Missy – Divorced, Beheaded, Regenerated

Written by John Dorney and directed by Ken Bentley.

Spoiler-free verdict: Michelle Gomez vs. Rufus Hound is an inherently good idea. There’s nothing more here, but let’s be real, we don’t need it.

Recommended pre-listening: A Spoonful of Mayhem

***

Divorced, Beheaded, Regenerated is a difficult story for me to review. I tend to like to talk things like character arcs, themes, pacing, structure, and most of those things are entirely irrelevant to a story like this. This story barely bothers with anything so prosaic as a plot, because it doesn’t need to. It’s a delivery mechanism for two great comedic presences to cut loose at each other, and on those terms, it certainly succeeds.

That’s not to say this script doesn’t do good things to elevate that. For a starter, it is genuinely funny, something which you kind of need to sell a comedy. There are endlessly quotable lines here, and wonderfully constructed scenes escalating the absurdity. In general, the premise is solid, giving the Monk and Missy both secrets to hide from each other and a historical backdrop to heighten the tension and add specificity and color. The story may not have anything to say about King Henry VIII or his reign, but it does get a lot of humor out of his legacy, from the infamous song to beheading gags and, quite pleasantly, a sincere presence from Catherine Parr. It also allows the most audacious conceit of all, that of Missy and the Monk playing chicken with getting married to each other. That alone is worth the price of admission.

The pacing of these various comedic beats is very solid, too. Going from a riot of a hook, the story steadily builds toward the delightful wedding setpiece, only to escalate itself from there to the song, and then call it a day at its peak. That’s all quite efficient, and makes for an engaging listen. The humor keeps the pace up in general, too.
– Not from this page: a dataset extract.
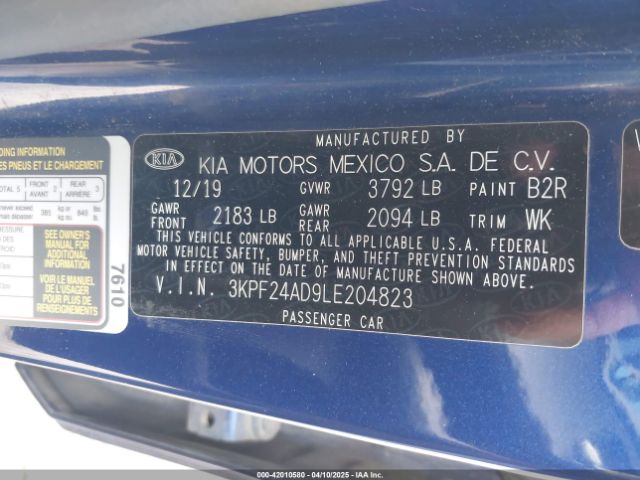 3KPF24AD9LE204823 KIA Forte Lxs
Though not every gag lands (Missy’s hypnosis trigger word left me scratching my head at the reference), they keep coming thick and fast enough for listeners to not mind, and Gomez and Hound are more than capable of elevating every joke to sublime.

There is a plot, of course, organized around disturbances to the web of time and creatures that like to vacuum-preserve historically important figures (which, in another story, could be a fascinating starting point: how do you decide who’s significant?), but that’s not what any listener is going to come away from in their memory. They’re going to remember Michelle Gomez and Rufus Hound delivering jokes. The jokes are good. The story, then, is a success.